L'énergie solaire est le générateur d'électricité «verte» qui a le plus de chances de réduire le gap en énergie qui ralentit le continent. Une unanimité sur le potentiel du solaire qui s'explique par la répartition uniforme du «rayonnement» sur la surface du continent, où 80 % des terres africaines reçoivent l'équivalent de 2 000 kWh par mètre carré/an. D'ailleurs, pour le Département américain des énergies renouvelables, le potentiel solaire africain équivaut à 90-100 millions de tonnes de pétrole par an. Les radiations solaires en Afrique de l'Ouest varient entre 3-4 kWh/m2/jour à Cotonou (Bénin) et 6,2 kWh à Agadez (Niger). En Afrique du Nord, le sud algérien enregistre un niveau de radiation solaire moyen équivalent à 6,1 kWh/m2/jour, alors qu'en Afrique australe, cette moyenne passe à 5-6 kWh/m2/jour.

Le continent compte actuellement quelque 17 centrales CSP (concentrating solar power) qui génèrent un courant dont la puissance varie de 7 TWh/an en Erythrée à 40 500 TWh/an. Côté photovoltaïque, le potentiel électrique varie entre 33 TWh/an en Gambie à 8 700 TWh/an au Soudan, en Algérie et en RDC. Cette dernière technique comptait sur une capacité installée de 1 334 MW en 2014, un segment où l'Afrique du Sud avance très rapidement, comme le témoigne les 780 MW tirés du photovoltaïque entre 2013 et 2014.
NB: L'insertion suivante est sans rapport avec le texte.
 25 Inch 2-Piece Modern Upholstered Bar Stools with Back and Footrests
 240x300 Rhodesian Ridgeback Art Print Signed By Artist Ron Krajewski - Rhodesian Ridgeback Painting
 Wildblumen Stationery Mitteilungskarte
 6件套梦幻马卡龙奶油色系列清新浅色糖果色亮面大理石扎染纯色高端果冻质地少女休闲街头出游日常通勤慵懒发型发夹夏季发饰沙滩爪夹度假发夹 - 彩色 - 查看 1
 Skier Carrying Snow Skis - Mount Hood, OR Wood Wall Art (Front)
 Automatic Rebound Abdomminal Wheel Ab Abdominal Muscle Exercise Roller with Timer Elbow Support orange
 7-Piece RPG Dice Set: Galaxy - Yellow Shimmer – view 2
Le Maroc et le Kenya font également partie des pays ayant fortement misé sur le duo CSP et photovoltaïque dans leur mix énergétique. Entre Rabat, Nairobi, Alger et Prétoria, la capacité installée en énergie solaire était de 180 MW en 2015 et les projets en cours devront permettre à ces pays d'atteindre une capacité installée de 6,4 GW. N

La houlomotrice, prochaincréneau de l'énergie verte ?
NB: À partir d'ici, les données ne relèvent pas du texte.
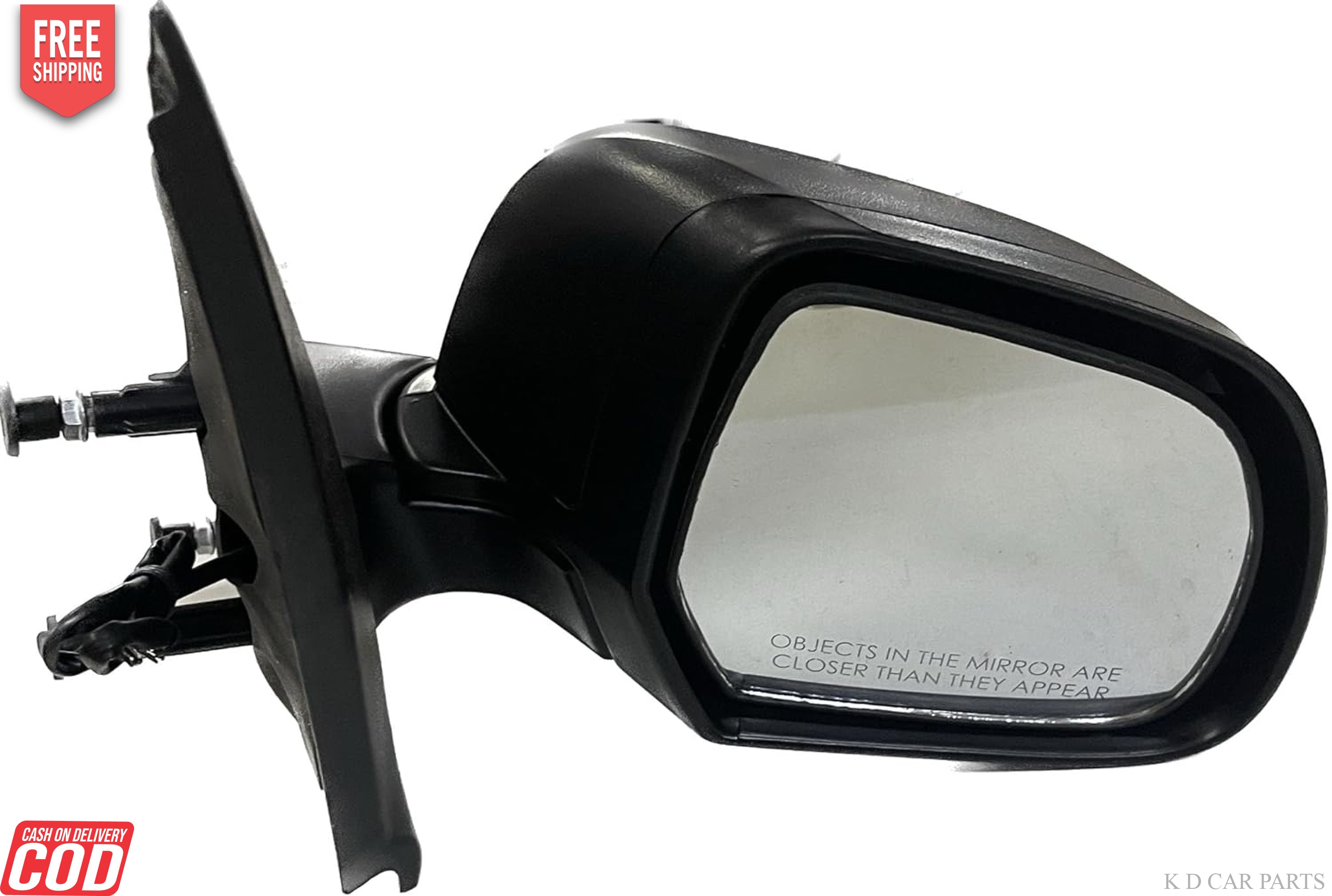 KD brand side mirror for Renault Lodgy, featuring a black housing and a clear glass mirror.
L'Océan devrait bientôt devenir une source d'énergie aussi importante que le solaire ou l'éolien. La puissance des vagues représente un énorme potentiel en termes de génération d'électricité, sachant que les vagues concentrent une densité en énergie estimée entre 30 et 40 Kw par mètre. Ce qui représente une grande opportunité pour l'Afrique qui est bordée par l'Océan indien à l'Est et l'Atlantique à l'Ouest. Une position qui permettrait au continent de répondre à l'ensemble de ses besoins en énergie, simplement en disposant de turbines sous-marines sur les 2 000 km de côtes entre le Maroc et le Sénégal.